Web Search in the Word Add-In
When you're drafting a brief or reviewing a contract, you often need current information that isn't in your document set. Web Search lets you query the internet directly from the Word sidebar and return answers with source links.
Use Web Search for:
Verifying citations — Confirm that a case is still good law, check the correct reporter citation, or validate a statutory reference
Finding current case law — Search for recent decisions on a topic when your firm's database or precedent files are outdated
Checking regulatory updates — Determine whether regulations or agency guidance have changed since your last deal or memo
Researching statutes — Pull the current text of a statute or confirm that a provision hasn't been repealed or amended
Web Search is designed for current information, case law, regulatory updates, and facts not in your attached documents. It complements the document-based research you do in Assistant.
How to Access Web Search
Web Search is available in the August sidebar once the Word Add-in is installed and you're signed in.
Open your document in Word.
Click the August icon in the ribbon to open the sidebar.
In the sidebar, enter your research query in the chat field. August determines when to use Web Search based on your question—for example, if you ask about recent case law or current regulatory text.
For installation instructions, see Word Add-In Overview.
Research Categories
Web Search supports three primary research categories:
Category | What You Can Find |
|---|---|
Case Law | Court decisions, appellate rulings, whether a case has been overruled or distinguished |
Statutes | Current statutory text, amendments, effective dates, repeal status |
Regulations | Agency rules, CFR sections, regulatory guidance, recent rulemaking |
Example Use Cases
Verify a Citation in a Brief
You're finalizing an appellate brief and want to confirm that Smith v. Jones hasn't been overruled. In the sidebar, ask:
"Has Smith v. Jones, 45 F.3d 123 been overruled or criticized?"
August searches the web, checks case law databases, and returns an answer with links to the most recent treatment.
Check if a Statute Has Been Amended
You're reviewing an NDA that cites a specific Delaware statute. Ask:
"Show me the current text of 8 Del. C. § 145 and note any amendments since 2023."
August returns the current statutory language and flags any changes, with source links to the official code.
Find Recent Case Law on a Topic
You're drafting a memo on trade secret misappropriation and need recent federal circuit decisions. Ask:
"Find recent federal circuit cases on trade secret misappropriation elements under the DTSA."
August returns a summary of recent decisions with citations and links to the opinions.

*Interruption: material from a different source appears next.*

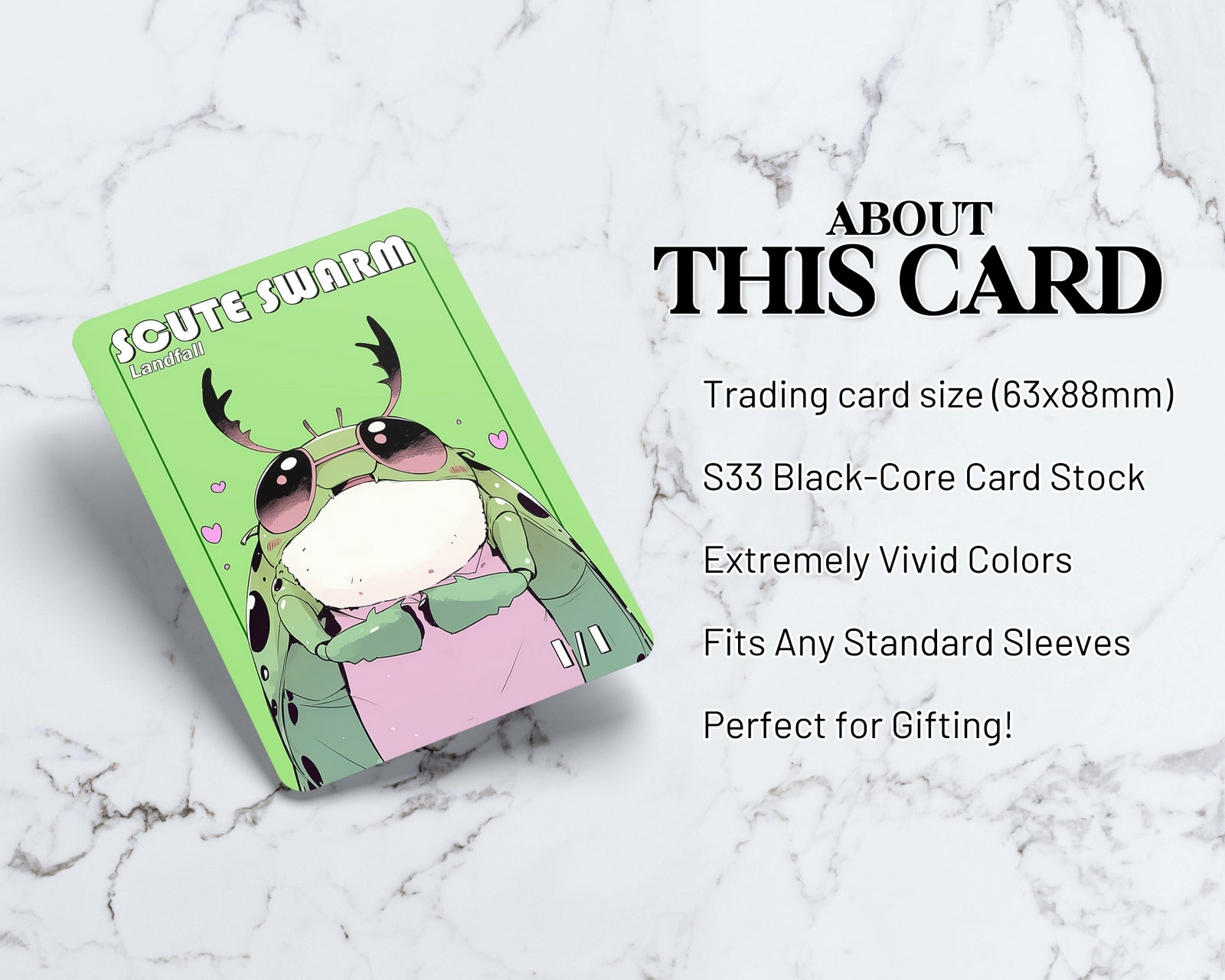 Scute Swarm Token | Proxy Card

Research Regulatory Updates
You're advising a client on data privacy and want to confirm whether the California Privacy Protection Agency has issued new guidance. Ask:
"What new guidance has the California Privacy Protection Agency issued in 2025?"

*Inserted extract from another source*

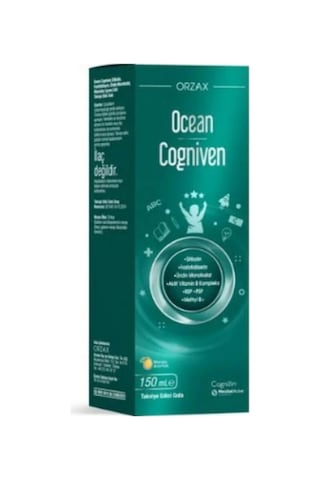 Ocean Cogniven Likit 150 ML Ocean Cogniven Likit 150 ML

August searches agency announcements, enforcement bulletins, and regulatory updates, returning a summary with source links.
How Results Appear
Web Search returns a synthesized answer with inline citations and a list of sources. Each source link lets you open the underlying material—case opinion, statutory text, or regulatory page—directly.
As with all August output, treat Web Search results as a first pass. Open the cited sources and verify that the answer accurately reflects the material before relying on it in your work product. For more on August's approach to citations, see How August Handles Sources and Citations.

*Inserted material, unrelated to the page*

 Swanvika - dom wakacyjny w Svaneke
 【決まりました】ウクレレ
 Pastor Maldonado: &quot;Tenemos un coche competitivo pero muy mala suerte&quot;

Using Results in Your Document
After reviewing the Web Search response, you can:
Copy the citation — Use the case name and reporter citation directly in your brief or memo
Quote statutory text — Copy the current language into your document for accurate references
Summarize for a client — Use the synthesized answer as the basis for a client email or memo section
Flag issues — Note discrepancies between the current law and what's in your document, then use the Word Add-in to update language
When to Use Web Search vs. Assistant
Web Search in the Word Add-in is ideal for quick, targeted research while drafting. When you need deeper analysis—comparing multiple cases, synthesizing across sources, or building a research memo—switch to Assistant in the main August workspace. Assistant supports longer conversations, multiple attached files, and structured outputs like research memos.